Fighting games are a big dividing line in the gaming community. On the one hand, you have the people who've practiced and understand the games, on another you have people who just mash buttons and have a good time, and then you have everybody else caught in the middle. That "middle" group is probably the hardest to make games for, considering they're also the largest part of gamers as a whole--they want to improve and fully enjoy the games they play, but the barriers in their way can be more intimidating than they'd like.
Capcom's Senior Vice President Christian Svensson recently commented on Capcom's efforts to bring in newer players, and how sometimes Capcom tries too hard to appeal to that crowd, often to their detriment:
"I’d say we have varying levels of success in making sure there’s enough content and fun in the mechanics even if you don’t know how to plink, FADC or DHC... I think with the introduction of so many new systems [in Street Fighter X Tekken] (gems, pandora, etc.) I think we probably overcomplicated things and it worked against that objective."
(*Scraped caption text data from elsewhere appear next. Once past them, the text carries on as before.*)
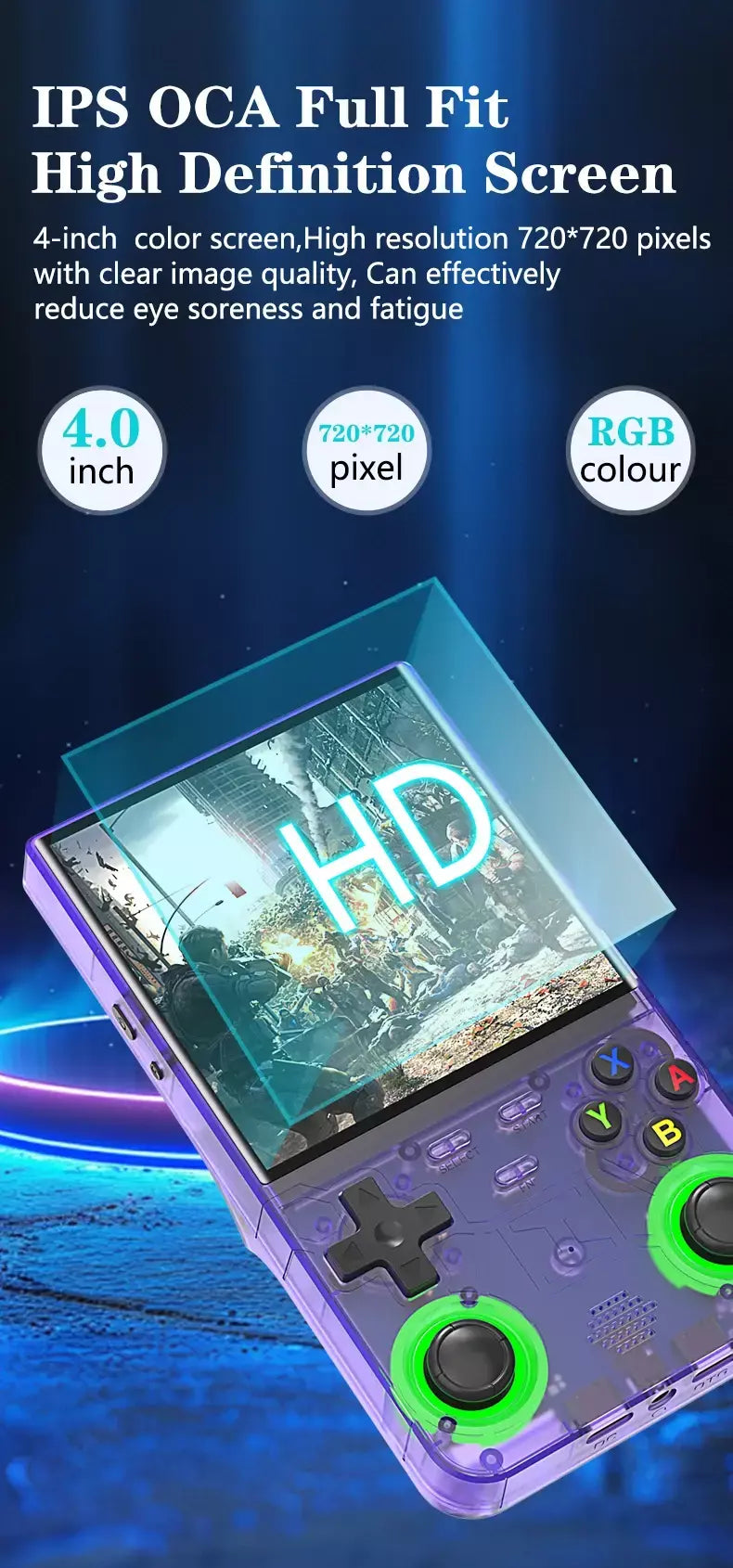 2025 r36 ultra open source r36s console de videogame sistema linux 4.0 Polegada tela ips portátil bolso player vídeo 64g melhores jogos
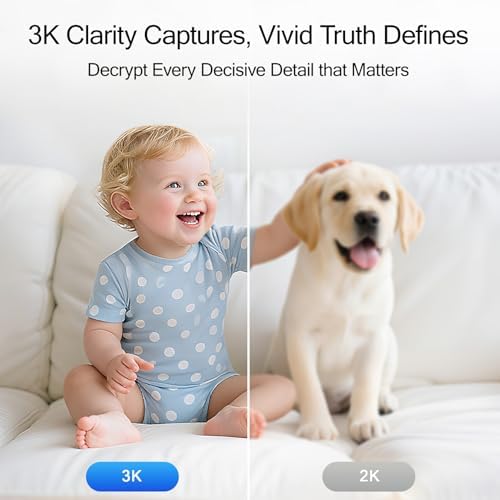 5G Security Camera Indoor 2-Pack, No-Monthly-Fee AI Tracking Facial Recognition, 3K Pet/Dog Camera with Speaker/Phone App, PTZ WiFi Baby Monitor Cameras for Home Security, 0-Glow Night Vision - Image 3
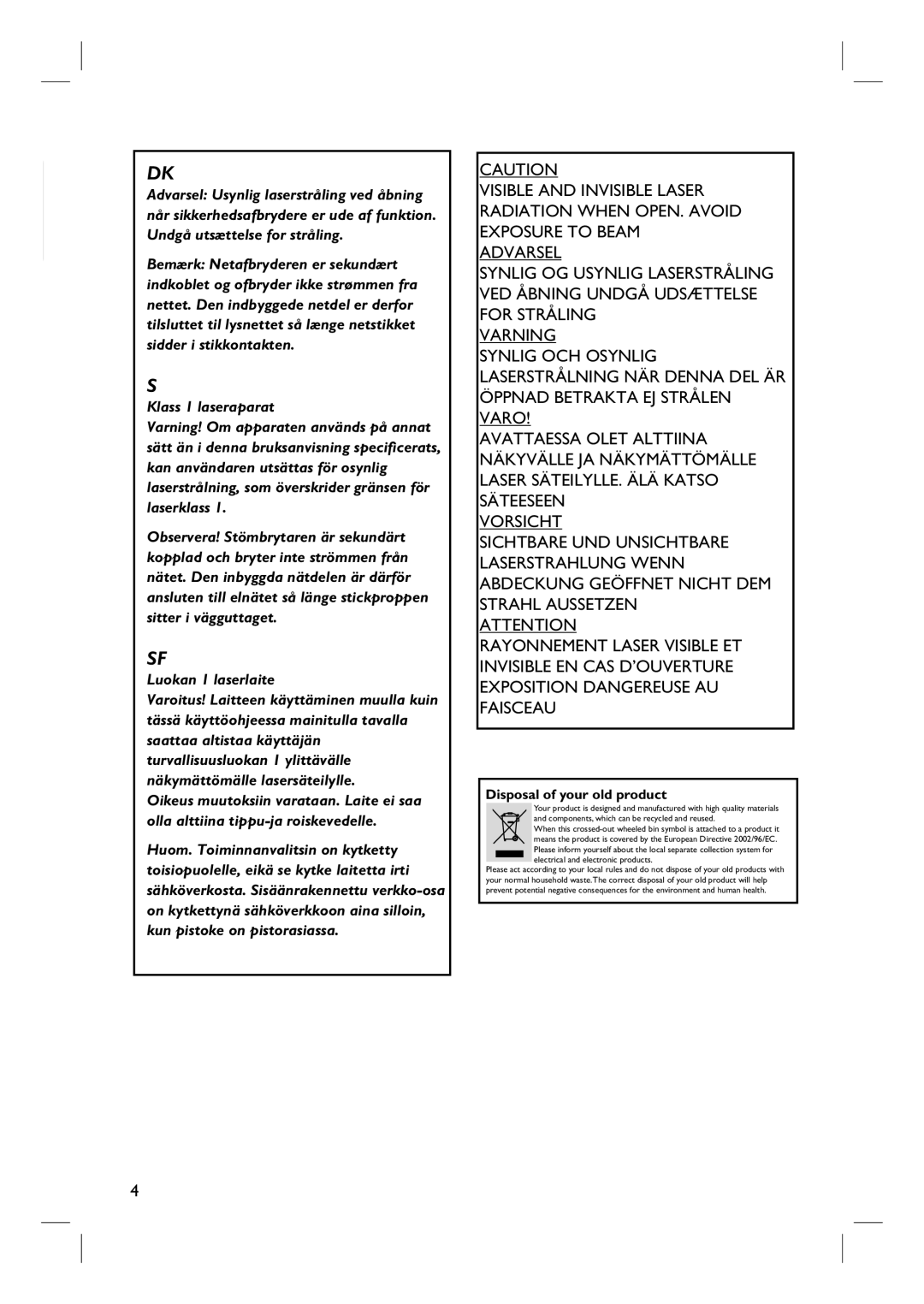 Philips DVDR3570H58 user manual Klass 1 laseraparat 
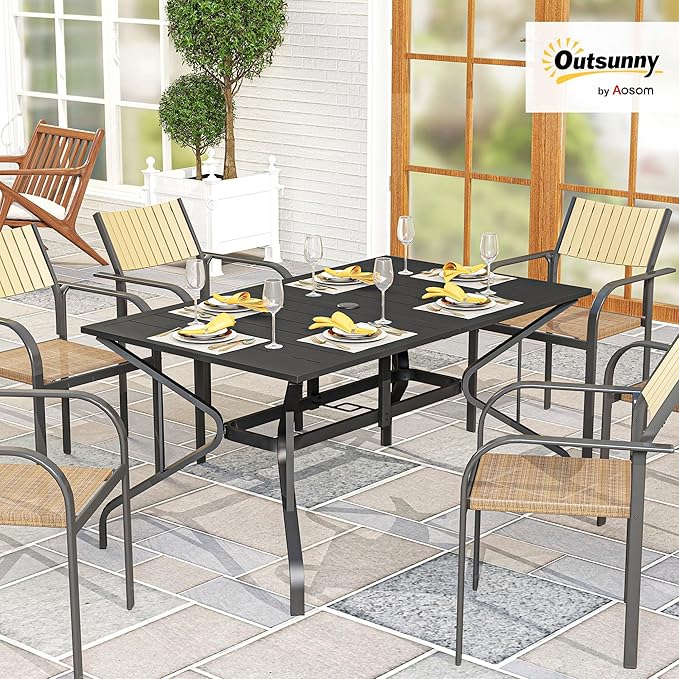 Outsunny Rectangle Outdoor Dining Table for 6 People, Steel Rectangular Patio Table with Umbrella Hole, Steel Frame for Garden, Balcony, Black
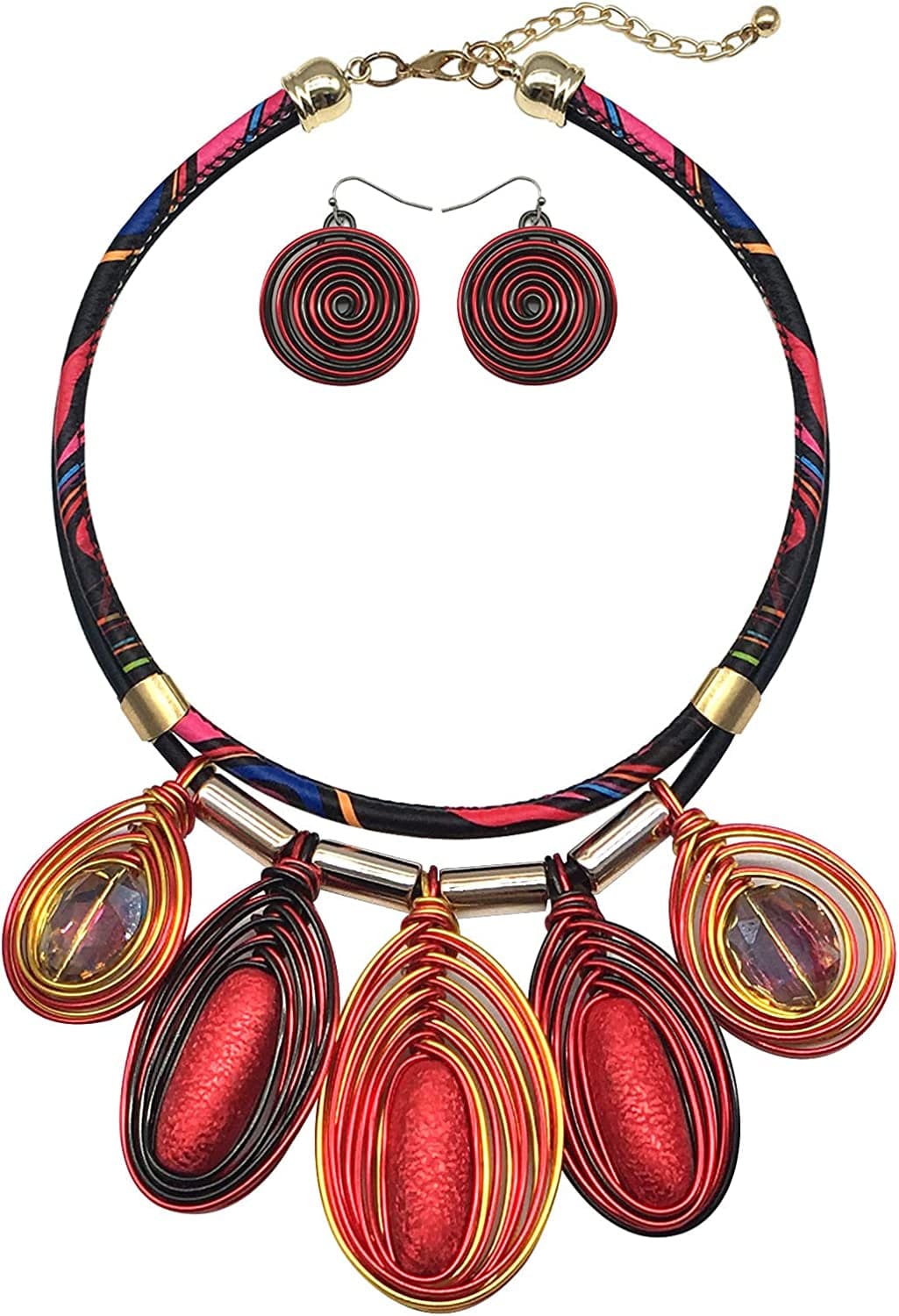 Chunky African Jewelry Statement Necklace for Women Tribal Fashion Costume Earring Set Unique Rhinestone Crystal Gold Wire Wrapped Big Wood Pendent Collar Choker Bib Handmade red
While some fighting games, like Skullgirls or Virtua Fighter 5: Final Showdown have provided excellent and in-depth training modes to help players learn the ropes, Svensson believes Capcom has fallen behind in this regard.
Knowing why and when you should use a technique is just as, if not more important than knowing how to do it
"I strongly agree that we have not done a good job of truly teaching new players about the basics of fighting game strategy in our current crop of titles. This has been a hot button conversation with the producers in the past and some have embraced it. In the case of SF3: Online Edition, we tried to put in challenges and trials that would have explained a bit more of the 'why' as opposed to just the 'how' in traditional training modes but we probably didn’t go as far as we could have.
"We need to provide the right tools for new players to learn enough that they’re motivated to take the 'next steps' in their developing love for fighting games. I’d like to think we can do better in the future."
It's shocking, because Virtua Fighter 4: Evolution revolutionized fighting game training modes in 2002, but very few games have followed its example.
One of the key things about learning fighting games that developers forget is that it's not the moves that people really have trouble with. It's not the combos or the controls or the inputs that need to be taught--players will learn all those on their own. The mental aspect of fighting games is what really needs to be taught, and that's what actually wins matches and makes the player feel like they've learned something.
But not always
A friend of mine (who doesn't play fighting games much) pointed this out to me a few years back when Street Fighter IV was released: if a fighting game has a mechanic that "gives newer players a chance to fight back," it's actually doing the opposite--experienced players will be able to exploit this "easier" mechanic and use it to gain an even greater advantage.
For me, it all comes back to the mental aspect and how that can only be taught with experience (or having friends who aren't douchebags and will actually teach you), but what do you think? What steps can Capcom and other fighting game developers take to make fighters more accessible to new players while maintaining their games' competitive edge?